So, just to circle back, since I've spent the best part of today getting a clustered-filesystem up and running on my little raspberry Pi kubernetes cluster...

Here's how standard NFS did, running using Btrfs on the Asustor AS6510T, served out to three of the workers on the cluster:

@k8-w1:~/dbio$ dst/bin/dctest -u /archive/tmp/test.db -i 1 -c -n 10000
Connected to resource: /archive/tmp/test.db
worker  1 value = 29472 after 698.149864 secs

@k8-w2:~/dbio$ dst/bin/dctest -u /archive/tmp/test.db -i 2 -n 10000
Connected to resource: /archive/tmp/test.db
worker  2 value = 29759 after 703.140837 secs

@k8-w3:~/dbio$ dst/bin/dctest -u /archive/tmp/test.db -i 3 -n 10000
Connected to resource: /archive/tmp/test.db
worker  3 value = 30000 after 704.651374 secs

I then set up the iscsi target on the AS6510T to be an ocfs2 filesystem - Oracle clustering filesystem v2. I'll spare anyone reading this the tortuous details, but once it was up and running it was rock solid. Configuring the thing isn't exactly straightforward, though.

Running the same program targeting the iscsi mount-point resulted in core-dumps pretty much as soon as 2 machines were accessing the same file, which wasn't a great start.

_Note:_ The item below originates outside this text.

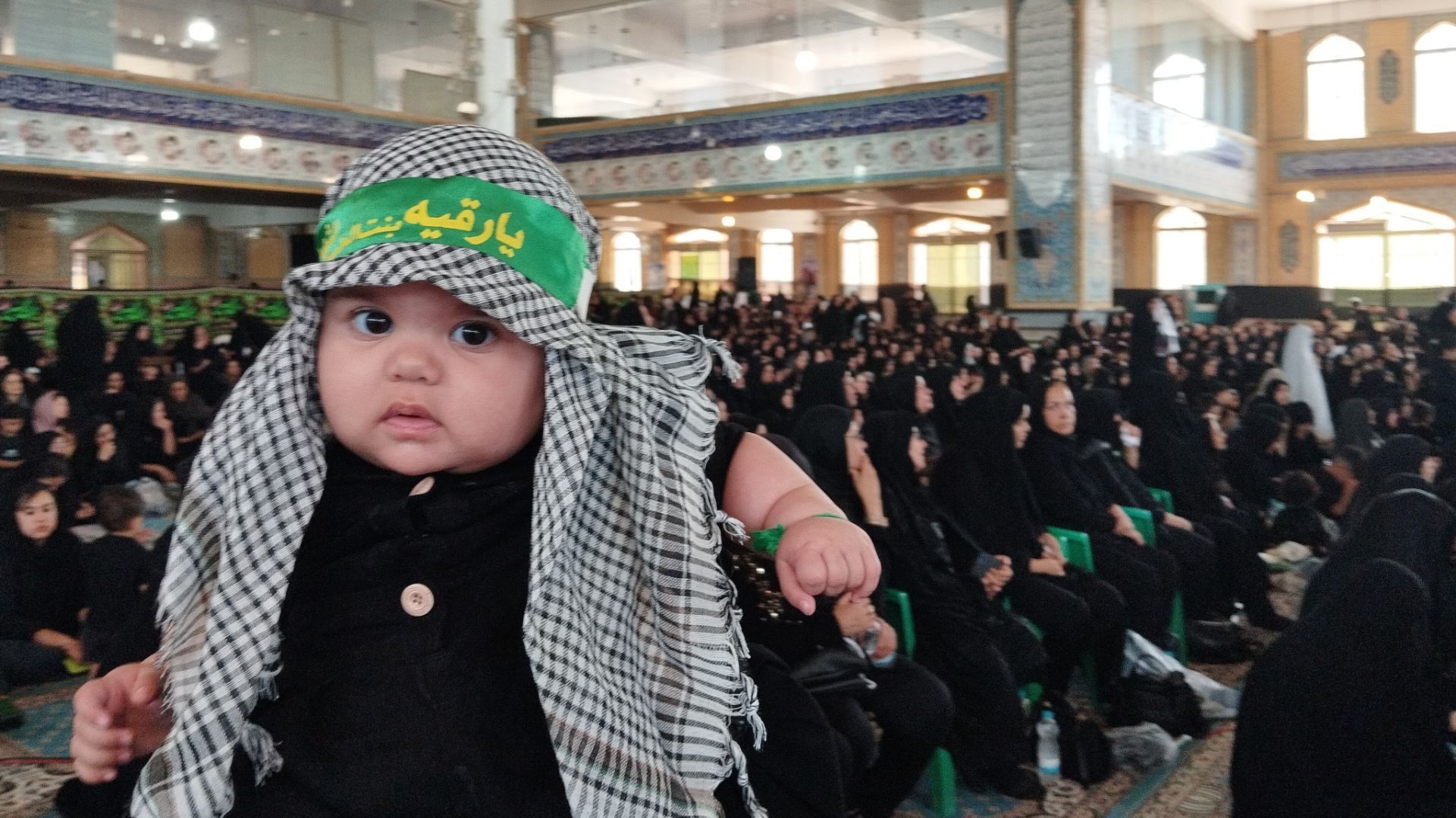 حضور زیبای مادران به همراه فرزندانشان در مراسم شیرخوارگان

It seems that with the kernel personality, only flock() locking is supported, not posix locks, which is what SQLite uses by default.

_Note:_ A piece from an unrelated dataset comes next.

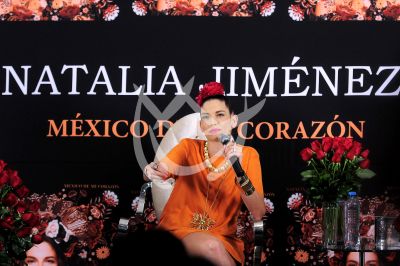 Natalia Jiménez le canta al México de su Corazón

So I reconfigured the SQLite amalgamation with -DSQLITE_ENABLE_LOCKING_STYLE, fixed the compile-time errors with missing #includes, and tried again. This time the program ran but told me it couldn't open the database file when I tried passing the "unix-flock" vfs string to sqlite3_open_v2().

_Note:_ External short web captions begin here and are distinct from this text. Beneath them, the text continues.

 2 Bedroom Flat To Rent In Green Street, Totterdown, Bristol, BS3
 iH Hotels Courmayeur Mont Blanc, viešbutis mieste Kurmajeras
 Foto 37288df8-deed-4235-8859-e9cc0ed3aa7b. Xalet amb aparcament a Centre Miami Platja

A little frustrated, I tried other vfs locking implementations, and "unix-dotfile" worked, so I could get the below comparison versus NFS. I daresay it's not as efficient as flock() would have been but for my purposes it works well enough:

@k8-w1:~/dbio$ dst/bin/dctest -u '/iscsi/tmp/test.db?vfs=unix-dotfile' -i 1 -c -n 10000
Connected to resource: sqlite:/iscsi/tmp/test.db?vfs=unix-dotfile
worker  1 value = 10000 after 149.560367 secs

@k8-w3:~/dbio$ dst/bin/dctest -u '/iscsi/tmp/test.db?vfs=unix-dotfile' -i 3 -n 10000
Connected to resource: sqlite:/iscsi/tmp/test.db?vfs=unix-dotfile
worker  3 value = 24595 after 455.827016 secs

@k8-w2:~/dbio$ dst/bin/dctest -u '/iscsi/tmp/test.db?vfs=unix-dotfile' -i 2 -n 10000
Connected to resource: sqlite:/iscsi/tmp/test.db?vfs=unix-dotfile
worker  2 value = 30000 after 531.742586 secs

Points of note:

  1. Both NFS and the clustered FS still maintain the locking semantics, and I still get the correct final result.

  2. For NFS, there is clearly a good spread of the locking/unlocking across the various clients, because the very first worker to return is almost at the end of the count. This seems pretty much ideal, in fact.

  3. Something worked a bit differently (and it could be the dot file approach) for the clustered filesystem, because the first worker got exclusive access until it had finished, and then workers 2 & 3 fought it out between them.

I did look at using the programs that Warren mentioned (kvtest.c, speedtest1.c) but they didn't seem to be what I want to look at. kvtest seemed focussed on blobs (and I don't really have those as part of the usage model) and speedtest1 looked to just be a time-test, not a correctness test. I do, however, intend to run one of the test-harnesses - th3 seems like a good candidate.

If I can figure out why "unix-flock" isn't working for me, or perhaps replace the kernel personality of ocfs2 with a userspace one that supports posix locks, I'll try the above tests again and see if there's any speed increase - it's not exactly a priority right now though.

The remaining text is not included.